Given the prevalence of pan-European management advisors and the increased number of cross-border deals, cross-pollination of deal terms is occurring. While we expect management equity terms in France and the UK to continue to converge, specific conditions under local tax regimes mean that there are still key areas of distinction. In our view, sponsors considering a buyout across the Channel must carefully navigate differences in the treatment of management equity terms in each jurisdiction. In a sellers’ market, appealing to management can help to win a deal. However, sponsors should proceed cautiously and avoid a one-size-fits-all approach, taking note of the following key developments.
Across Europe, the prevalence of equity ratchets has remained fairly constant over the last four years, with 38%, 42% , 40%, and 37% of European deals including an equity ratchet in 2019, 2018, 2017, and 2016 respectively, according to the sixth edition of the Latham & Watkins Private Equity Market Study. However, UK deal teams should note that in France, structuring ratchets has become more difficult in recent years. The French tax and social administrations have placed more focus on ratchet schemes, making ratchets increasingly challenging to arrange. It is now common for ratchets to be structured using preferred shares valued by third-party appraisal on the initial investment date, rather than equity warrants. As a result, UK-style sweet equity schemes, and the use of bonus shares (i.e., shares issued for free in accordance with the French regulations in relation thereto), are becoming more common in French management incentive structures, a trend that we expect to continue.
Put and Call Options
While the categorisation of leavers is reasonably consistent between France and the UK — 55% of UK deals and 58% of French deals provide for more than two categories of leaver (i.e., provide for intermediate leavers, in addition to good and bad leavers) — the treatment of such leavers is another key point of difference for deal teams to note. In France, the sponsor’s call option over a leaver’s shares often extends to all securities held by the leaver. This approach is less typical in the UK, although this is beginning to change, particularly in the case of a bad leaver. Management requests for put options, meanwhile, are significantly more common in France than in the UK, especially in competitive auction processes where French management teams often request put options in the event of a manager’s death or illness, although sponsors continue to strongly resist these requests.

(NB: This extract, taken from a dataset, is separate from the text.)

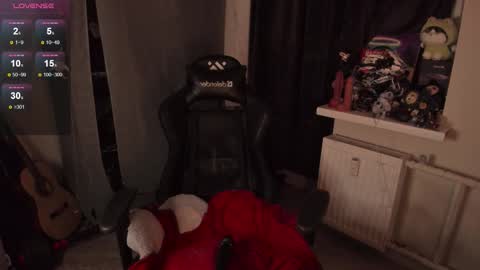 Snapshot of melante_s chatting on November 14, 7:12 pm Ash online show from November 14, 7:12 pm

Management warranties are a common feature in UK deals, providing comfort to PE buyers on items such as diligence reports, business plans, and management questionnaires. Such warranties tend to be capped at between 1 and 2 times gross salary. French management teams, on the other hand, tend to strongly resist giving such warranties, especially in competitive auction processes. However, in our experience, French management teams sometimes give confirmations that due diligence reports and business plans are accurate, but on a limited or no liability basis – providing potentially valuable information for UK deal teams.